The satanic images are not only in the lyrics but inherent and arguably fundamental to the music itself. Sabbath guitarist, and primary composer, Tony Iommi repurposes the ominous, hostile theme of Gustav Holst’s “Mars” from The Planets to set the sinister tone for the entire album. Much is made of the use of tritone which is more overt in Iommi’s handling of the theme, but the minor third and ornamental minor second are even more germane to the Black Sabbath sound which is particularly distinct due to the Geezer Butler’s bass and Iommi’s deep ostinato guitar lines that provide a primal foundational simplicity and unavoidably recognizable trademark for the band’s raw, underworldly sound. Though not the 243rd best album ever made, it is a strong debut and garnered an immediate fan base to provide ongoing support for Black Sabbath for many years.

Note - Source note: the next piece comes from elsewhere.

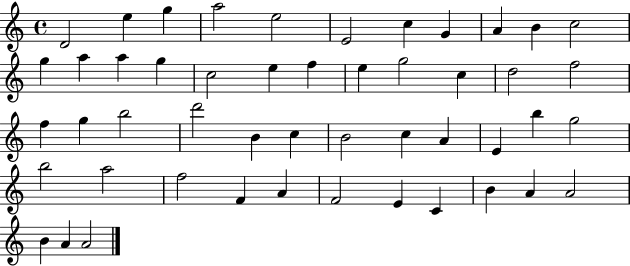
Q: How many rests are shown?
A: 0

Atomic Rooster: Atomic Rooster
Recorded in December 1969 and January 1970 and released in the UK on February 1970, Atomic Rooster’s first album is a mixture of early progressive, psychedelic, and hard-rock. Vincent Crane provides the compositions and quality keyboards and the album includes an extended drum solo from Carl Palmer.
The album was not released in the U.S. (until several years later) and only available as an import. The album was released in Australia where the original album cover art was deemed inappropriate (this is a rooster — and a fowl!) and replaced with a substitute cover.
James Taylor: Sweet Baby James
Recorded in December 1969 and released in February 1970, Sweet Baby James has a mix of high quality and direct, intimate simplicity that has made it a classic. It includes one of the best straightforward pop-folk songs ever composed: “Fire and Rain.”
Burnt Weenie Sandwich, Funkadelic, Morrison Hotel
Other albums of note released in February 1970 include Frank Zappa and the Mothers of Invention Burnt Weenie Sandwich with material recorded in the late sixties, Funkadelic’s first album, Funkadelic and the Door’s Morrison Hotel. George Clinton’s group Funkadelic is particularly notable for its meld of funk, soul and psychedelic rock and this first album also seamlessly incorporates African-American traditional-folk music including field shouts and blues, trailblazing the way for many future soul-funk-rock albums. Interestingly Robert Christgau, who so scathingly panned the first Black Sabbath album and the Sweet Baby James album, also trashed this important album.